TASK
Return, from the data below, each line that contains the word "Road".

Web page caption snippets

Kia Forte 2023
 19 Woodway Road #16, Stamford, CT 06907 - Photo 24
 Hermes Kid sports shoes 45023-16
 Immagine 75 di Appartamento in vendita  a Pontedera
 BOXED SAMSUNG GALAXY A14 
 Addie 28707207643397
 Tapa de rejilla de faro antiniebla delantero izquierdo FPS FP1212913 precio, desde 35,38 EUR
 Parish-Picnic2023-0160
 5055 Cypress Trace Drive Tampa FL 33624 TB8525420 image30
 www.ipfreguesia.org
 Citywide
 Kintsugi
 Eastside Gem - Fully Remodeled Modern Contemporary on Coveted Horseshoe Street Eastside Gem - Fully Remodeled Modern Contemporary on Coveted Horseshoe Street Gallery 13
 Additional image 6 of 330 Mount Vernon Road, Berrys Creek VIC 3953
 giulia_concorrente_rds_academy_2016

TASK RESPONSE
 19 Woodway Road #16, Stamford, CT 06907 - Photo 24
 Additional image 6 of 330 Mount Vernon Road, Berrys Creek VIC 3953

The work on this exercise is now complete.